Tendencja ta uległa zmianie dopiero wraz z rozwojem przemysłu, masową emisją gazów cieplarnianych i pojawieniem się niezliczonych źródeł energii cieplnej – ulicznych latarni, centralnego ogrzewania budynków, sieci rozprowadzających gorącą wodę pod ulicami miast.
Dotychczas wśród naukowców przeważał pogląd, że generalnie przez ostatnie dwa tysiąclecia, aż do rewolucji przemysłowej, klimat półkuli północnej nie ulegał zasadniczym zmianom. Wyróżniono wprawdzie w XVII wieku tzw. małą epokę lodową, jednak przekonanie to nie opiera się na solidnych przesłankach naukowych.
Historycy klimatu korzystali jedynie ze starych kronik, pamiętników, ale systematyczne pomiary temperatury i ścisłe obserwacje klimatu rozpoczęły się dopiero w drugiej połowie XIX stulecia.
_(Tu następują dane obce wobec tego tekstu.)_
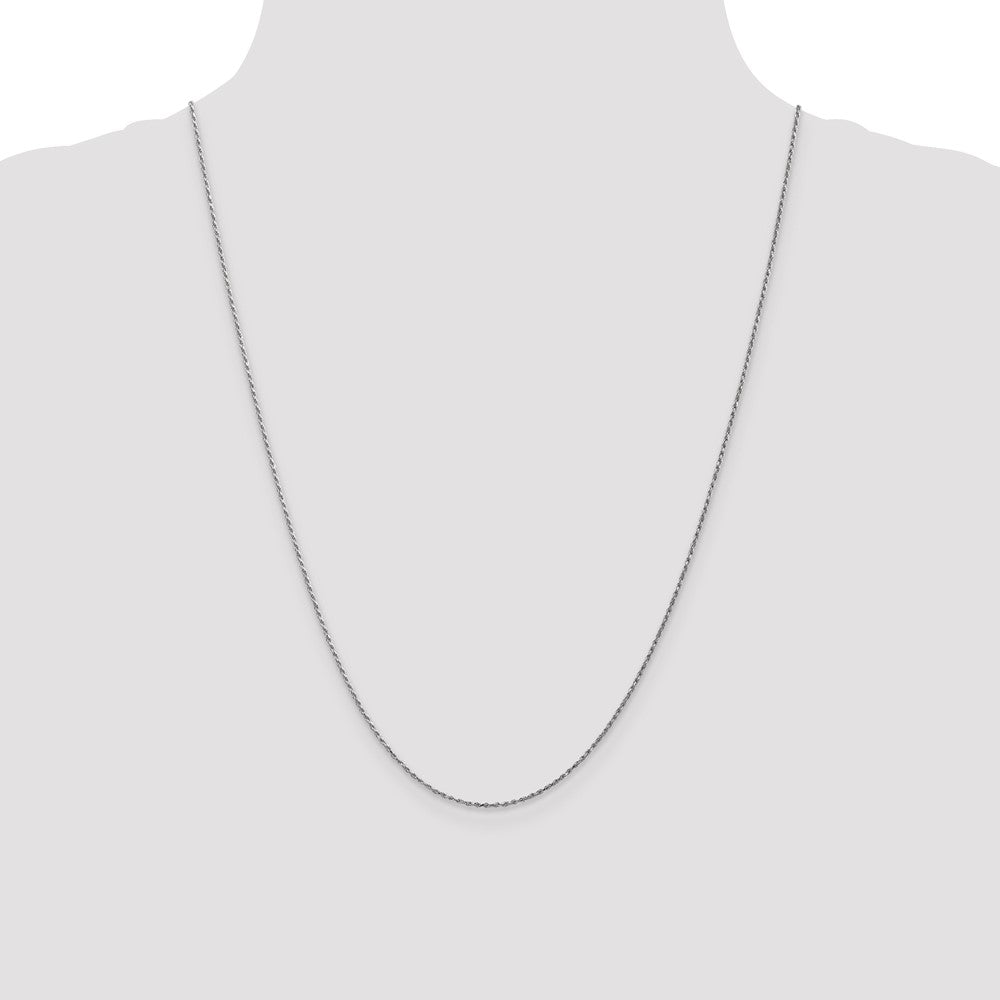 10k White Gold .95mm Carded Cable Rope Chain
W ostatnich latach nastąpił pod tym względem postęp, historycy klimatu zaczęli korzystać wyrywkowo z danych dendrochronologicznych – analizy tzw. słojów drzew, czyli pierścieni odpowiadających rocznym przyrostom. Dendrochronolodzy badają słoje pni i wielkich, grubych gałęzi. Ich grubość waha się w zależności od sezonowych zmian temperatury, nasłonecznienia, wilgotności. Na przykład lata ciepłe i wilgotne odznaczają się przyrostami (słojami) grubszymi.
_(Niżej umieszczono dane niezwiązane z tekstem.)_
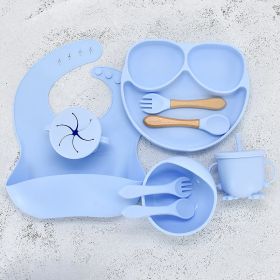 11 Piece Baby Training Dinner Plate Bowl (Option: Blue-9PCS)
Najnowsze badania dendrochronologiczne przeprowadzone przez zespół prof. Jana Espera z Uniwersytetu Jana Gutenberga w Moguncji w Niemczech świadczą nie o ustabilizowanym klimacie w minionych dwóch tysiącleciach, ale o czymś wręcz przeciwnym, o ciągłym ochładzaniu następującym w tym okresie. Wyniki ich prac publikuje pismo „Nature Climate Change".